Мы с Петькой, гордые, выехали в голову обоза. Колька Кроликов рысью пер на граблях и сдуру, а может с радости, лупил босой пяткой по рычагу подъема. Зубья граблей вскидывались, как лягучая лошадь, едва не доставая Кольке до спины, резко падали, вырывая клочья земли.
— Стой! Стой, сураз! — Митяй всплеснул руками. — Пропали грабли! — Пал на ходок дяди Максима; настиг Кольку и, видно, достал его концом бича — тот так и взвился с сиденья, чуть на лошадь верхом сзади не заскочил. Опять, бедняге, досталось.
С заднего фургона, заступаясь за Кольку, орала Варька. Слов ее было не понять. Только и слышалось: «Ай-ай ай-ай!»
— Ла-агу-ушку[2] забыли-и!! — закричала какая-то баба, будто ее пытали каленым железом.

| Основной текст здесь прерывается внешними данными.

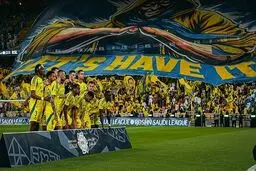 ۴ بازیکن النصر در بازی با استقلال غایب هستند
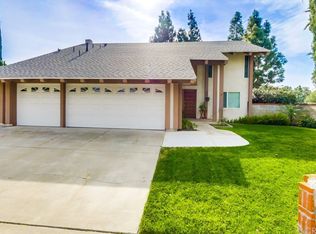 4022 Escudero Dr, Irvine, CA 92620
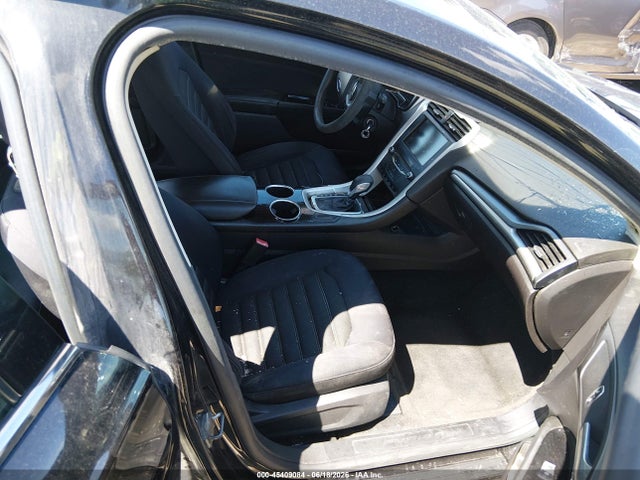 صورة 5 لـ 2013 FORD FUSION SE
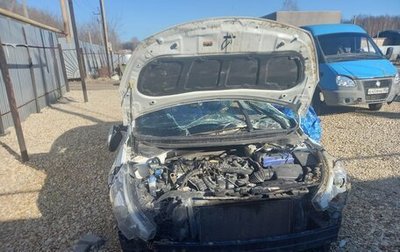 KIA Cerato III, 2013 год, 260 000 рублей, 1 фотография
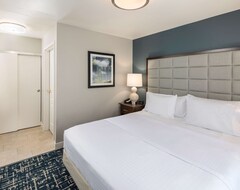 Khách sạn Hotel Homewood Suites By Hilton Mt Laurel (Mount Laurel, Hoa Kỳ)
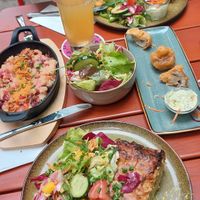   at Rübenrot in Augsburg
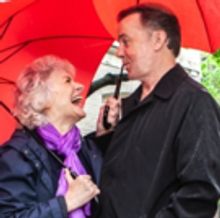 Cherry Lane Theatre Presents FIRST LOVE By Charles Mee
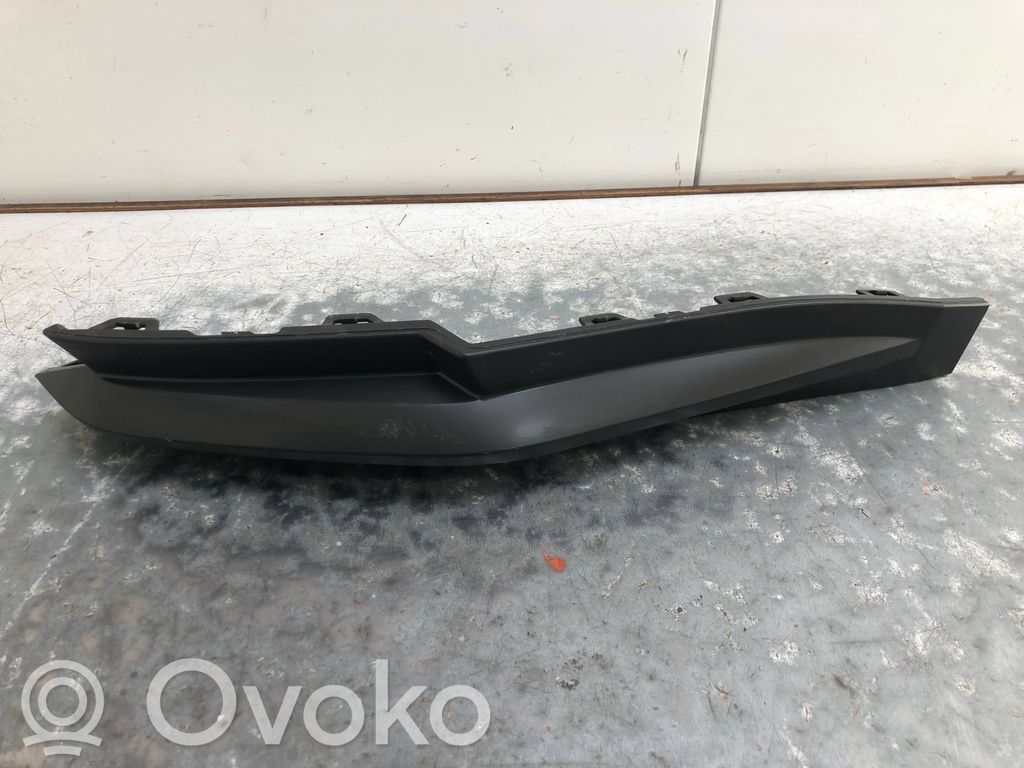 BMW M4 G82 G83 Listwa zderzaka tylnego 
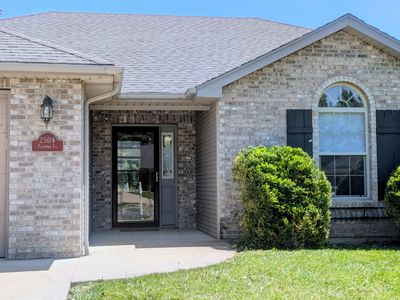 2504 Feldspar Ct, Columbia, MO, 65202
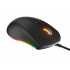 Mouse Gamer Cougar Óptico MINOS XT, Alámbrico, USB, 4000DPI, Negro  4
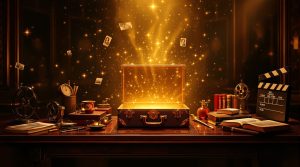 Medvirkende i Fantastiske skabninger og hvor de findes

Митяй понужнул за лагушкой, а вослед ему орали глоток в десять:
— Топо-ор прихвати! То-опо-ор!
Наконец выровнялись, выехали за деревню, и вот уже Варька Кроликова сильным своим голосищем повела песню плавно и мощно:
Далеко в горах Карпатских,
Между двух высоких ска-ал, —
а тут уж другие подхватили на басы да на подголоски:
Пробирался ночкой те-емной
Санитарный наш о-тря-я-яд.
Песня полетела, как степная птица коршун, без вздрогов, без взмахов, и вверх и вширь!
Впереди шла повозка.
На повозке — красный кре-ест, —
захватывающе уводил Варькин голос еще выше.
А с повозки слышны сто-оны-ы:
Скоро, скоро ли ко-оне-е-ец?
Нигде так не поется и не слушается песня, как в степи!
Степь не сломает песне крыла, не вернет ее к поющим исковерканной, она утянет ее, песню, за синь-окоем и там, в дали дальней, уложит ее, ослабевшую, в свои мягкие травы.
Я не знал в своей жизни счастливей тех минут, когда слушал песни в степи.
Буска шел скорым шагом, я покачивался на его мягкой спине и думал о том, что Раздолинский еще, наверное, спит, жалел, что он не видит этого сияющего росой простора, не слышит песни, и это утро, степь, небо без облачка, а главное — песня — не ее печальный смысл, а голоса — подымали над будничным, обычным и обещали неведомо чего, но что-то могучее и радостное.